Monday, May 12, 2014

When You're Voted Most Likely To Fail (at being a mom)



She flashed her genuine smile that revealed those deep dimples. At one time we had been close friends, before our lives eventually ran in different directions. Now years had passed since we had last seen each other, apart from the faces on a yearly Christmas card.

She was kind to admire each of the blond hair, fair skinned children that shuffled around me. Even though they weren't acting particularly cute, she offered kind words such as, “Your children are beautiful!”  

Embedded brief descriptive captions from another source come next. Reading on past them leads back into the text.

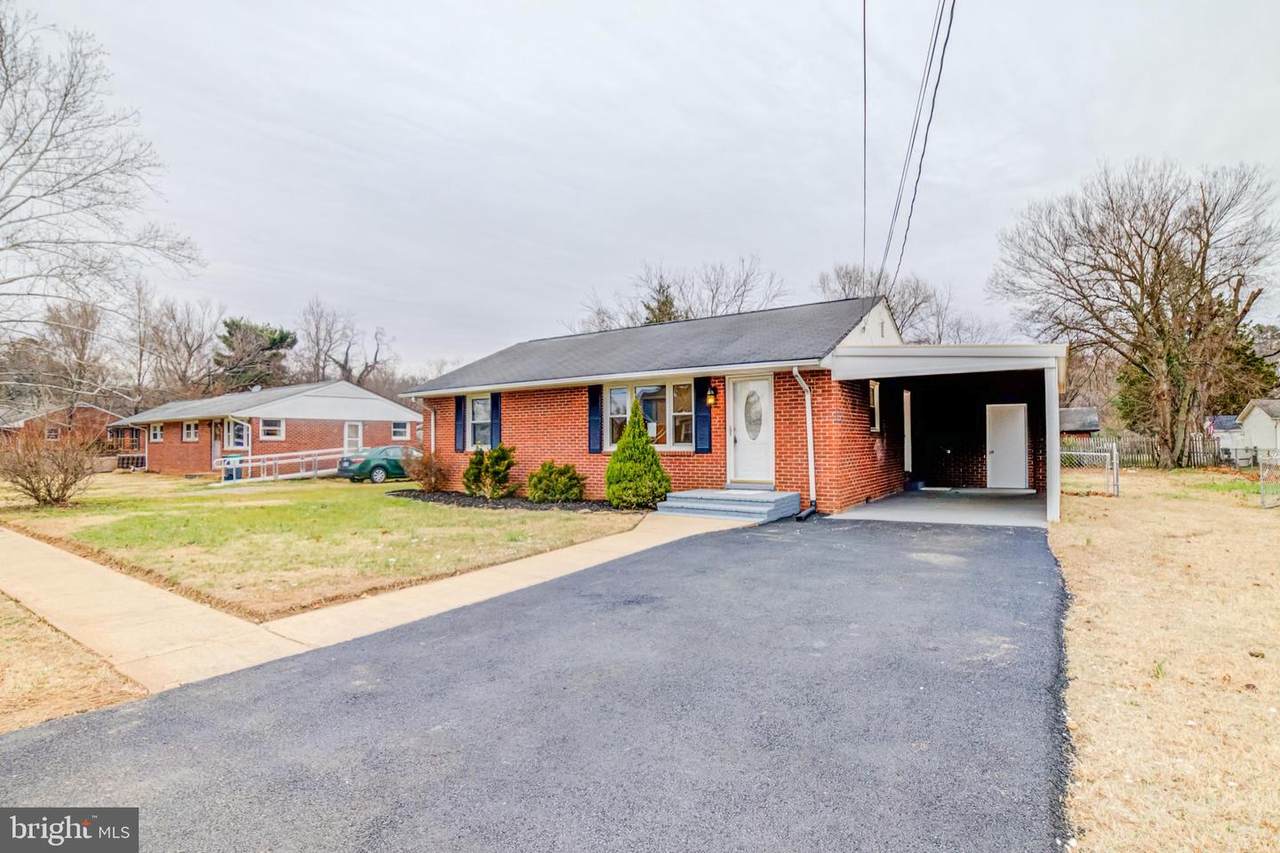 1911 Pollock Street - Photo 1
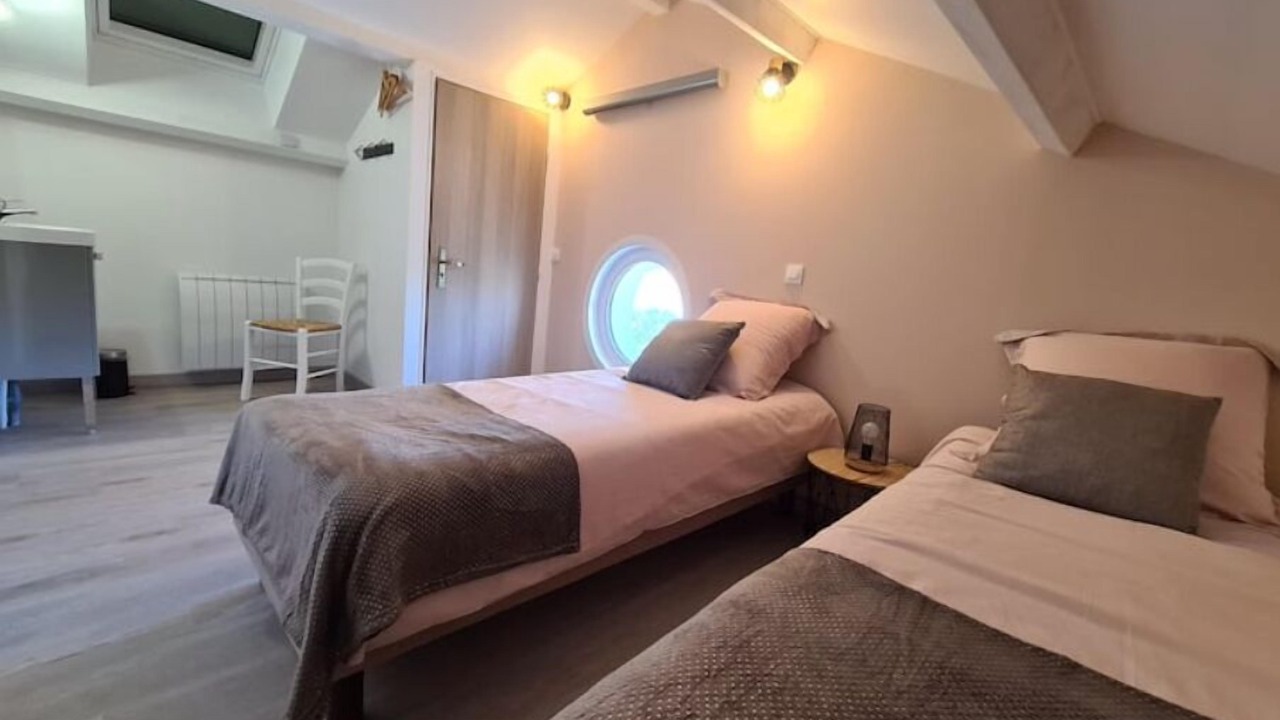 Photo of Bedroom in Saint-Hilaire-le-Vouhis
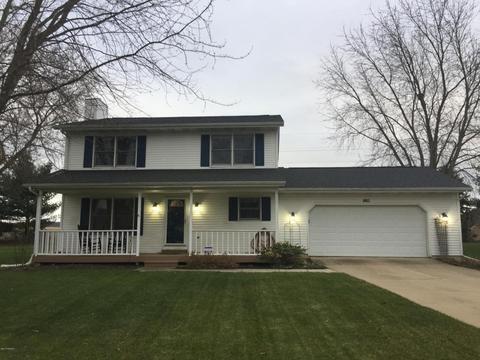 882 Maple Dr, Schoolcraft, MI 49087 photo 1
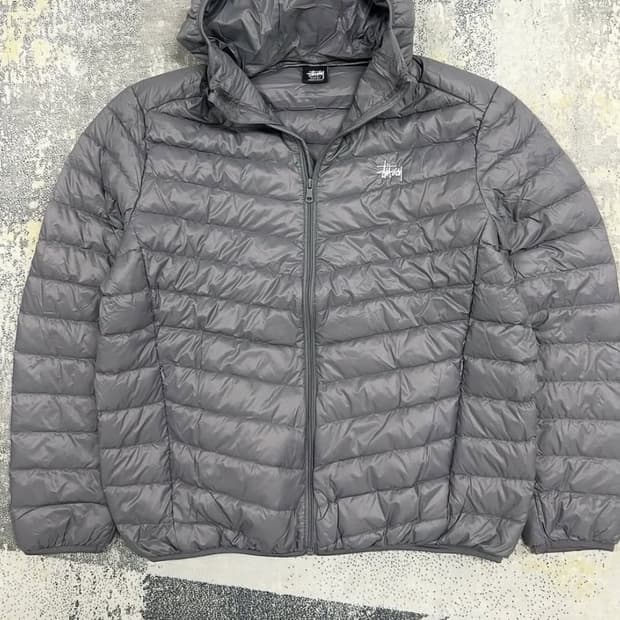 스투시 경량패딩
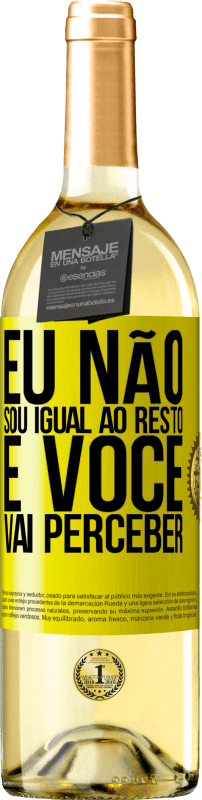 29,95 € Envio grátis | Vinho branco Edição WHITE Eu não sou igual ao resto, e você vai perceber Etiqueta Amarela. Etiqueta personalizável Vinho jovem Colheita 2023 Verdejo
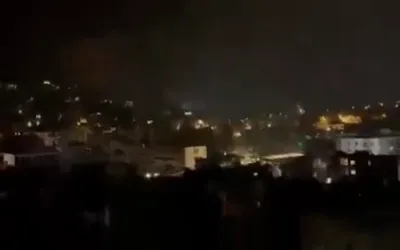 טעראר אינפראסטרוקטור: צה"ל פירט דורך שווערע לופט אטאקעס אויף סטראטעגישע בערג אין דרום לבנון צו פארניכטן די חיזבאללה געפאר.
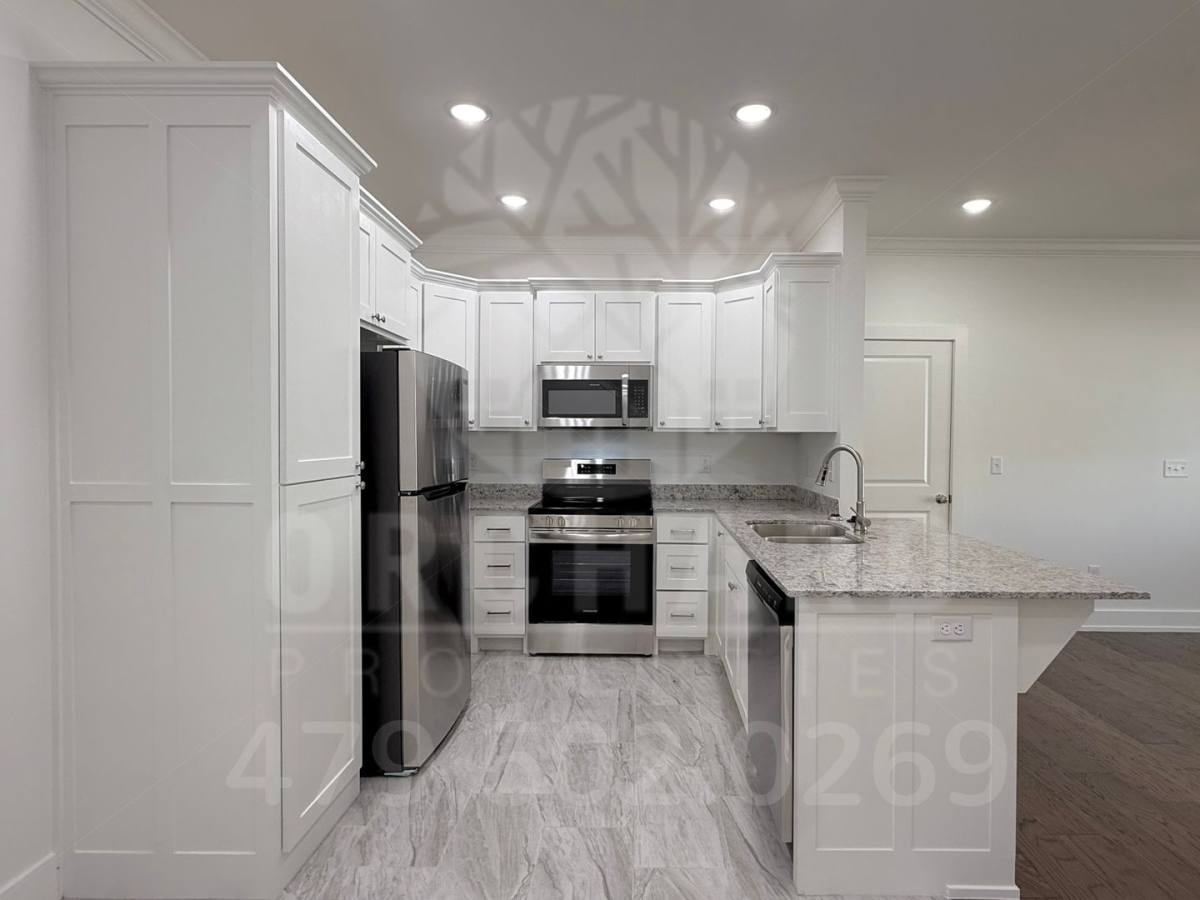 Apartment for rent at 1904 E Brookview Dr, Siloam Springs, AR 72761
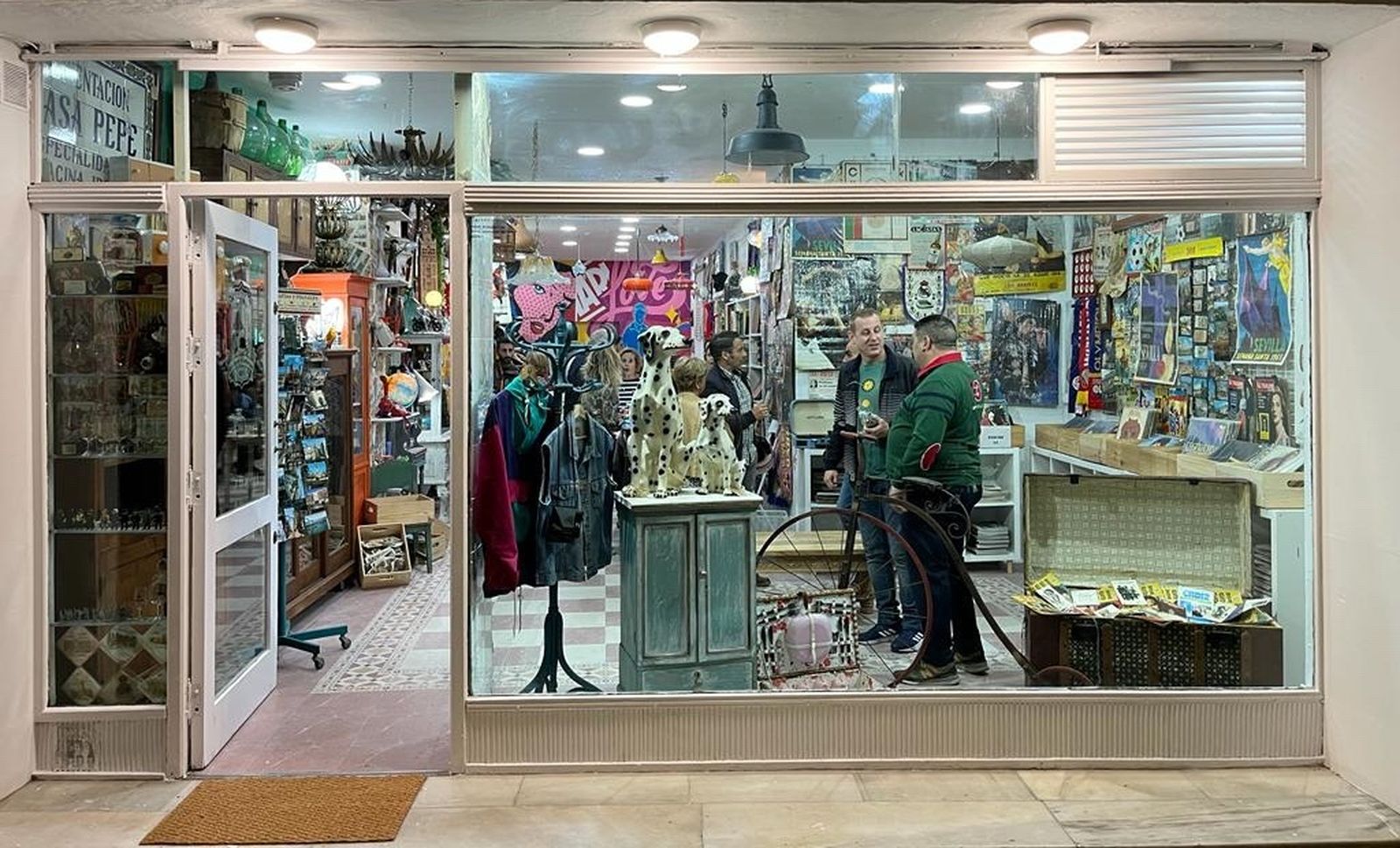 Tienda vintage en  la calle San José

We laughed about how different our lives had turned out from what we had expected. She had chosen not to have children and to both our surprise, I had ended up with three. The conversation led to her confessing, how she and her husband never saw this coming.

This.... me being a mom.  

I could feel my throat tighten as she spoke this: “Some of us have talked ….you know …..that you were most likely going to fail at being a mom.” I was a little taken back at her honestly, but mostly I understood. In her own way she intended that as a compliment.

She knew me. Whoever “they” were must have known me.

B-M and B-C. Before-marriage and before-children.

I managed a weak laugh and responded, “Yeah, I’m pretty amazed they have survived so far too.”

I've thought about that encounter many times since then and this whole,
me-being-a-mom-thing. 

It really is a miracle.

When I married at twenty-four I didn't feel like a woman and my goal wasn't to have children. My heart was still a wounded child, an angry rebellious daughter, who longed to hear her dad say, “I love you, just for who you are.”

There was the surprise of finding out a baby was due to arrive in January. Then impatient waiting while my body took three weeks longer than the average woman anywhere, to make a human being. And after fourteen hours of labor and delivery, just like that, they handed me the first wailing, arms flailing daughter. 

Twenty-four hours later she was plunked into a primitive car seat, which more resembled a bucket than a protective device. It was proof that ignorance must really be bliss and that they let anyone take a helpless baby home to figure their whole life out.  

Just when she was finally growing some hair, sleeping most nights and waddling around gurgling a few darling words, the next baby arrived. Mostly, the three of us took turns crying. The fleeting days of late summer were spent warming blankets in the dryer to swaddle the newest screaming baby who was labeled as colicky.  Warm blankets were the only trick I had in my bag of desperation. We walked the creaking floor, stood swaying in place, and rocked in the old oak chair that had no cushion, more hours than I could realistically count.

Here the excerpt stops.